First, it's worth noting that by "slow," we're talking about something that can take tens of nanoseconds. For trivial native methods, in 2010 I measured calls at an average 40 ns on my Windows desktop, and 11 ns on my Mac desktop. Unless you're making many calls, you're not going to notice.

That said, calling a native method can be slower than making a normal Java method call. Causes include:

  • Native methods will not be inlined by the JVM. Nor will they be just-in-time compiled for this specific machine -- they're already compiled.
  • A Java array may be copied for access in native code, and later copied back. The cost can be linear in the size of the array. I measured JNI copying of a 100,000 array to average about 75 microseconds on my Windows desktop, and 82 microseconds on Mac. Fortunately, direct access may be obtained via GetPrimitiveArrayCritical or NewDirectByteBuffer.
  • If the method is passed an object, or needs to make a callback, then the native method will likely be making its own calls to the JVM. Accessing Java fields, methods and types from the native code requires something similar to reflection. Signatures are specified in strings and queried from the JVM. This is both slow and error-prone.
  • Java Strings are objects, have length and are encoded. Accessing or creating a string may require an O(n) copy.

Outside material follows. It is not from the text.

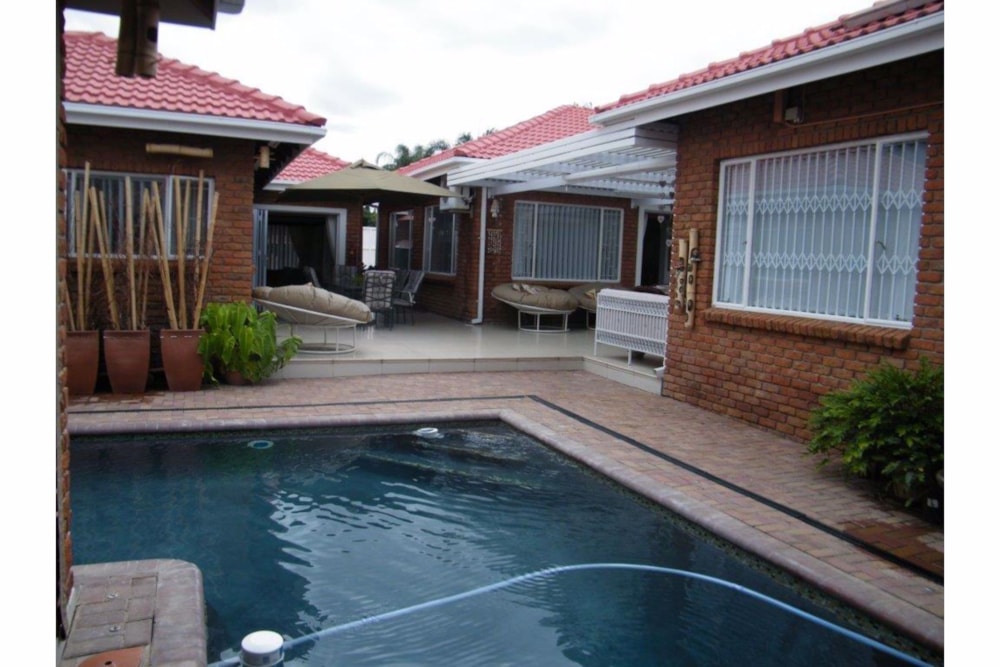 House for sale in Welgelegen, Polokwane - 1PS1539528 House for sale in Welgelegen, Polokwane - 1PS1539528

Some additional discussion, possibly dated, can be found in "Java¿ Platform Performance: Strategies and Tactics", 2000, by Steve Wilson and Jeff Kesselman, in section "9.2: Examining JNI costs". It's about a third of the way down this page, provided in the comment by @Philip below.

The 2009 IBM developerWorks paper "Best practices for using the Java Native Interface" provides some suggestions on avoiding performance pitfalls with JNI.